Description
Describe the bug
Training a sparse model including an Masking Layer and an LSTM, and then stripping model with strip_pruning() produces models that handle the masking differently. This means the models trained with pruning are not useable for inference after stripping.
System information
- TensorFlow installed from (source or binary): binary (anaconda, mkl_py366ha38f243_0)
- TensorFlow version: 2.0.0
- TensorFlow Model Optimization version: 0.3.0
Python version:
- 3.6.9 |Intel Corporation| (default, Sep 11 2019, 11:39:53)
- [GCC 4.2.1 Compatible Apple LLVM 7.3.0 (clang-703.0.31)]
Describe the expected behavior
Models with a prune_low_magnitude LSTM layer should generate same output as the same model stripped model.
Describe the current behavior
A model in which a prune_low_magnitude LSTM layer is fed by a masking layer appears to handle the masking differently than its stripped version. Moreover, it's not a simple ignoring of the sequence mask.
Code to reproduce the issue
import numpy as np
import tensorflow as tf
from tensorflow import keras
from tensorflow.keras.layers import Bidirectional, LSTM
from tensorflow_model_optimization.sparsity import keras as sparsity
# Create some fake masked sequences (I'm sure there's a cleaner way to do this)
pad_val = 7
samples = 10
timesteps = 9
features = 6
data = np.full((samples, timesteps, features), pad_val, dtype=np.float32)
rng = np.random.default_rng()
num_len = rng.integers(low=3, high=timesteps, size=(samples,1))
for i in range(samples):
len = int(num_len[i])
x = np.random.uniform(low=-1, high=1, size=(len))
for j in range(len):
data[i,j,:] = x[j]
# Create a model incorporating a masking layer and a pruneable LSTM.
pruning_model = keras.Sequential(
[keras.layers.Masking(mask_value=pad_val, input_shape=(timesteps, features)),
sparsity.prune_low_magnitude(keras.layers.LSTM(2))])
# Get the output of the model, as well as just the LSTM (skipping the masking)
x1_a = pruning_model(data).numpy() #LSTM output with masked input
x1_b = pruning_model.layers[1](data).numpy() #LSTM output skipping masked input
# Now strip the model, and check weights are the same
depruned_model = sparsity.strip_pruning(pruning_model)
for i, w in enumerate(depruned_model.layers[1].weights):
assert np.allclose(w.numpy(), pruning_model.layers[1].weights[i].numpy())
x2_a = depruned_model(data).numpy()
x2_b = depruned_model.layers[1](data).numpy()
Check behaviour of outputs
Including the masking
print(np.allclose(x1_a,x2_a)) #Returns False: the outputs of the two models are not compatible if masking included
print(np.allclose(x1b,x2b)) #Returns True: Skipping masking yields the same output from the two models
print(np.allclose(x1_a,x1_b) #Returns False: The prunable model isn't just ignoring the masking.
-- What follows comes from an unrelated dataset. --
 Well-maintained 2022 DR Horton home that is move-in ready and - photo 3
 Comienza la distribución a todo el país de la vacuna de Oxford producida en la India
# Check that the masks are the same:
m1 = pruning_model.layers[0](data)._keras_mask
m2 = depruned_model.layers[0](data)._keras_mask
np.all(m1==m2) # Returns True: the same masks are being passed to the LSTM layer.
A quick inspection shows that x1_a, x1_b, and x2_a are very different from each other. I've also confirmed that the layer configurations are the same in the two models.
Additional context
I didn't see anything in the documentation re: behaviour with masked inputs to LSTM layers but the current behaviour (handle it differently than either the 'usual' or ignoring the mask complexly) seems counter-intuitive.
I found this problem after training and pruning a masked LSTM model, stripping it and finding that the output was not consistent with the pruned model.
Thank you in advance for any help you can offer.